Anita menuju ruang tamu. Dibuka pintu depan. Terlihat Anita cantik dan menawan dimata Herman. Begitu juga sosok Herman yang tampan mengundang senyuman di bibir Anita.
“Silakan masuk mas.........maaf rumah kami sederhana........!”
“Tak apa sederhana tapi pemiliknya bagai bidadari surga........!”

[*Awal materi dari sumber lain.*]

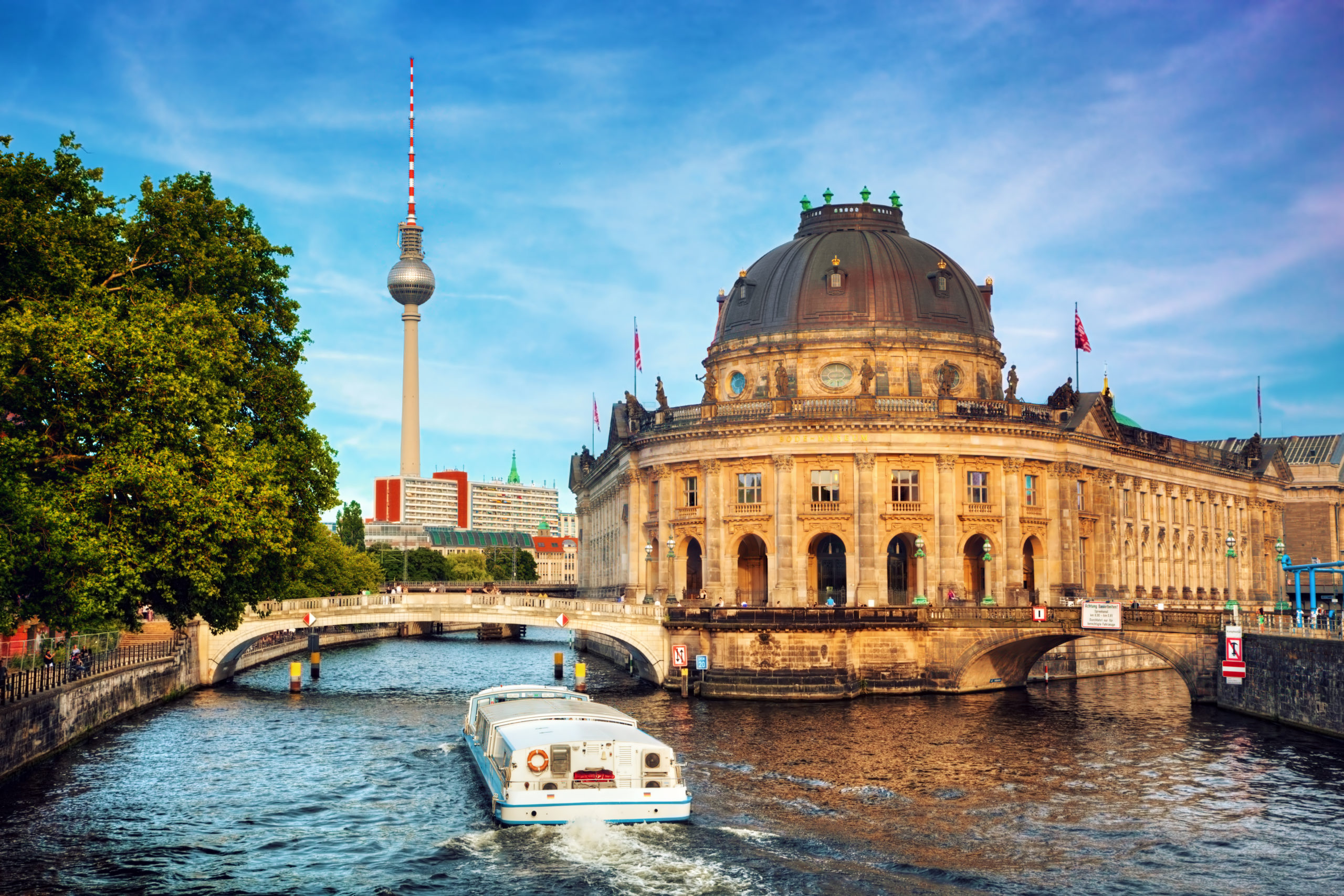 Bode Museum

“Ah mas biasa saja.......!”
“Siapa Nit.....?”
“Kawan bu.......!”
“Oh ada tamu.....apa kamu kawan Nita........?”
“Ya Bu.......!”
“Nita laki itu teman atau pacar.....!”
“Oh ibu nanti aku kasih tahu........!”
“Nita apa kamu sudah siap........?”
“Ya mas .....!”
“Bu Nita pergi dulu.......!”
“Hati – hati  , nak tolong jangan anak saya........!”
“Ya bu......!”
Kedua telah meninggalkan rumah. Herman mengajak Anita makan disebuah restoran. Restoran sederhana dengan makanan penggugah selera. Obrolan panjang dilakukan tapi ada yang menyangkut masalah cinta dan hubungan. Anita terdiam.

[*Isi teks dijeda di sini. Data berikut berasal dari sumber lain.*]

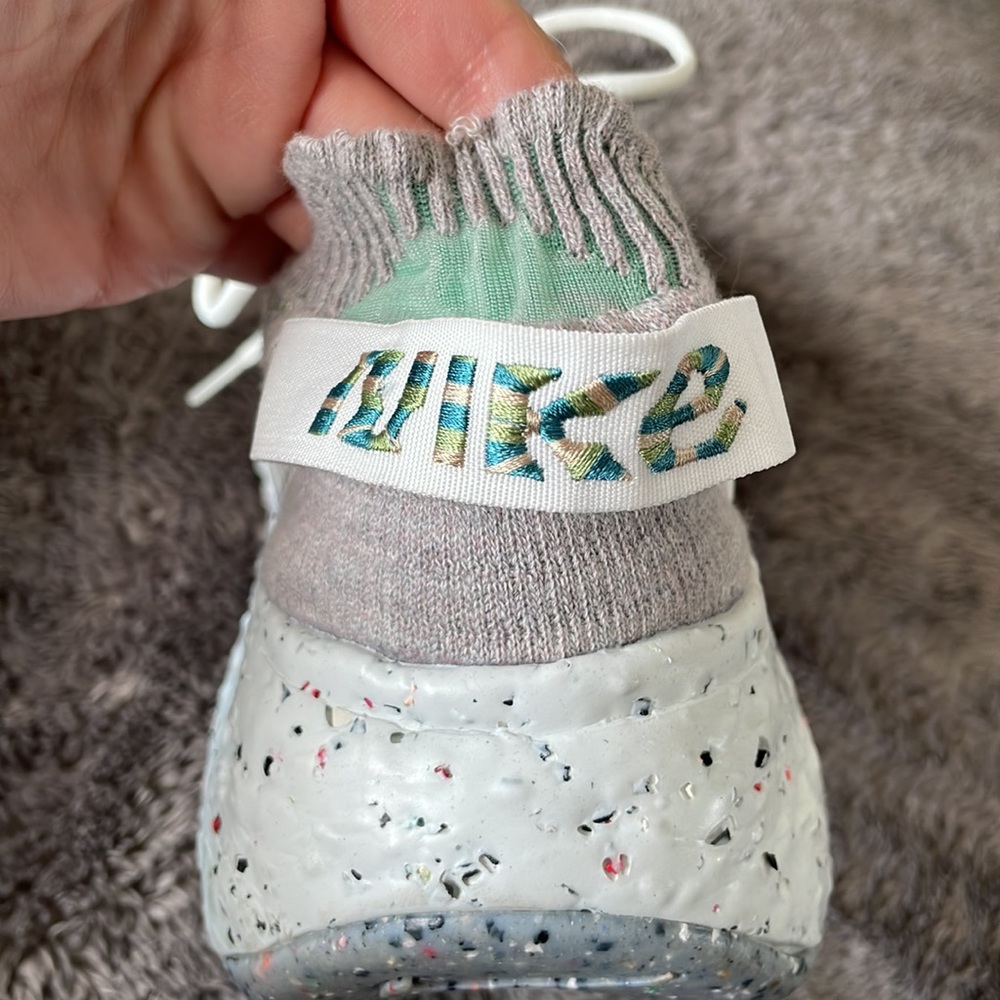 Space Hippie 04 Nike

Hari semakin siang tak ada kata – kata ungkapan cinta dari mulut Herman. Hati senang Anita menjadi murung dan bimbang. Melihat wajah yang didambakan terlihat tak ada gairah.
“Kamu sakit Nita.......!”
“Ya mas kepalaku sedikit pusing..........!”

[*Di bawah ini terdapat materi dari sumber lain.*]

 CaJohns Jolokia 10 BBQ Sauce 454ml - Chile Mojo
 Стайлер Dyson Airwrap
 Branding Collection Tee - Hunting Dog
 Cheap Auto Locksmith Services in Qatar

“Ayo kuantar kamu pulang...........!”
Mobil tiba dirumah. Anita masuk tak ada kata diucapkan. Herman bingung dan bimbang. Tangan menghambat untuk diantarkan. Hati Herman menjadi kesalahan. Nita masuk ke dalam rumah.
Herman langsung melaju kendaraan. Anita kira Herman akan mengikuti biarpun dihentikan tapi ia malah meninggalkan sendirian. Perasaan hancur dalam lamunan.
“Bagaimana Nita.....?”
“Bagaimana apanya Bu......?”
“Oh mas Herman.....tak tahulah bu..........!”
Murung dalam sebauh penantian. Anita termanngu memandang rembulan. Tak ada kata cinta dari lelaki pujaan. Tidur akan cinta belum ada kepastian. Pagi hari cerah telah tiba. Hari Anita masuk kerja. Wajah lesu dan pucat tak ada semangat. Cinta tak ada kepastian telah meluntahkan hati dan perasaan. Anita telah siap dengan pakian kerja terlihat anggun dan mempesona.
Biar tak ada semangat tapi penampilan terjaga. Anita berangakat kerja. Kendaraan umum sebagai jalan menuju tempat  kerja. Tiba dalam kantor. Terlihat sesok lelaki yang ia kenal membawa sbungkus bunga mawar. Mawar merah dan menawan. Didepan pintu Bank Anita berhenti karena hadangan lekaki bernama Herman yang ia kenal.
Menghadang ....menghentikan.......
“Ada apa mas......?”
Ambil posisi lari marothon kaki tertunduk di paha. Sebauh bunga di hadapan pada dirinya. Kata cinta terucap dari mulut Herman. Malu tak terkira Nita. Ucapan menggelegar di seluruh suasana bank. Teman dan pimpinan bertepuk tangan.
Cinta tak ada kepastian telah diucapkan hati senang dan bahagia. Apalagi lamaran juga dilayangkan. Cinta antara pengusaha dan kasir bank. Romantis cinta untuk sebuah penghargaan. Herman melamar Anita dengan penuh kesaksian di tempat pekerjaan. Bank syariah.